Some notes about Vodafone's new fixed line broadband service
1. Its three free unlimited calls to Vodafone numbers are only free up to 59 minutes. According to Fionnuala Coburn, head of fixed line services in Eircom, you have to hang up and redial once an hour to derive the free call benefit.
2. You can't get just one bill for your mobile and fixed line Vodafone services, a deliberate move, according to Coburn: "we looked at our research and found that people regard their mobile phone service as a personal thing, separate from their fixed line". Hmmm…
3. What advantage does a Vodafone customer have in opting for a 2Mbs broadband product over a (putative) 3.6Mbs mobile broadband service? Coburn suggested that "heavy downloading" is better facilitated by fixed line broadband. When asked about the higher stated speeds for its own mobile broadband service, she said: "my understanding is that the mobile broadband experience does vary. I'm not sure what the average speed there is." That's code, really, for 'mobile broadband is not reliably close to 3Mbs'.
4. Am still a little baffled as to why Vodafone is going into this fixed line market. It can only be a long term strategic decision not to be excluded from the main infrastructure (as a stakeholder), if there's ever a massive carve-up of the network.

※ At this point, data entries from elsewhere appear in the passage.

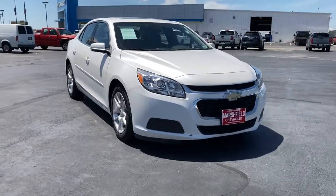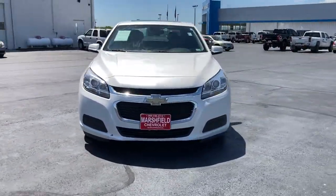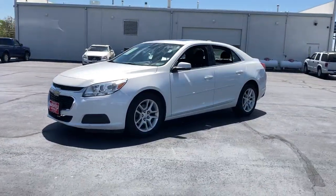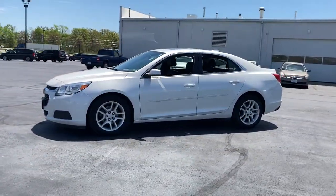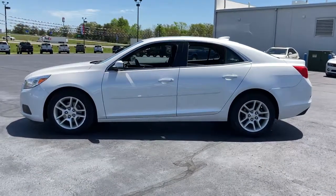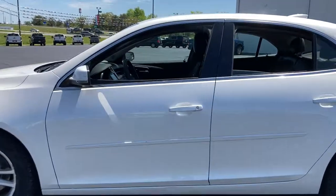Introducing the 2015 Chevrolet Malibu. This vehicle is an outstanding buy with fewer than 200,000 miles on the odometer. The Chevrolet Malibu — the sophisticated four-door midsize that blends luxury and efficiency with safety and sporty handling.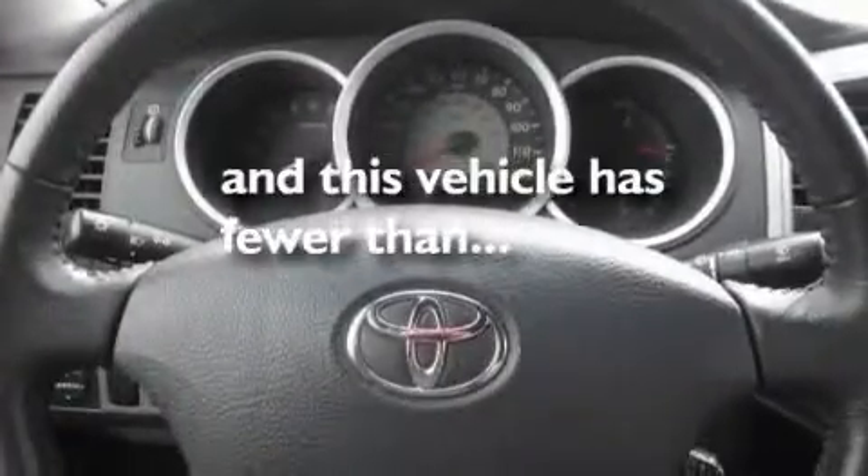Alloy wheels, a low tire pressure indicator, a sliding rear window. And this vehicle has fewer than 70,000 miles on the odometer.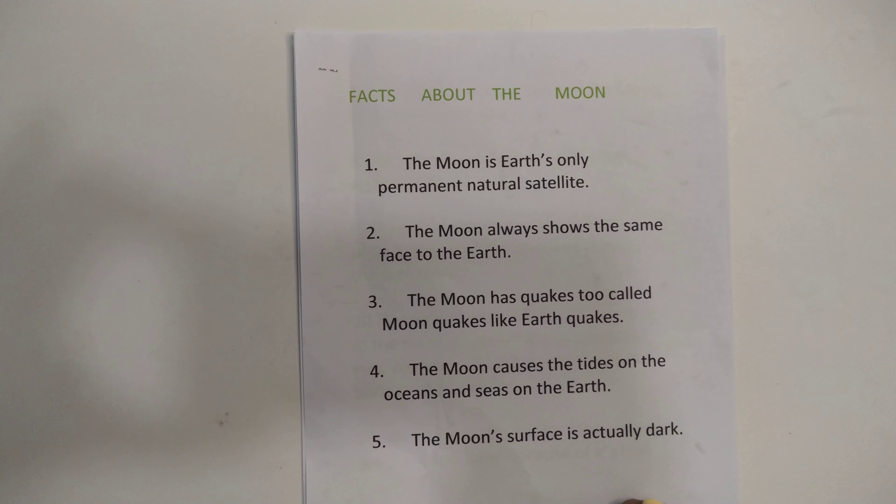Fact seven: there is water on the moon in the form of ice trapped within dust and minerals on the surface. Fact ten: temperature on the moon is very hot in the daytime, about 100 degrees, and very cold at night, about minus 173 degrees. Because it has no air, that's why there is no living thing on the moon.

As a matter of interest -- what justification have the mobile network operators given for imposing such low bandwidth caps? Never mind the spotty coverage, this is the other reason why "mobile broadband" isn't useful broadband.
Posted by: Justin Mason | May 27, 2008 at 02:19 PM
Believe it or not, it's that "customer feedback indicated that this is sufficient" and that "it is the equivalent of [insert number] hundred thousand web-page visits".
And the like.
(Up to a year ago, Vodafone and O2 were still offering 50MB data cap limits on some of its 3G data products.)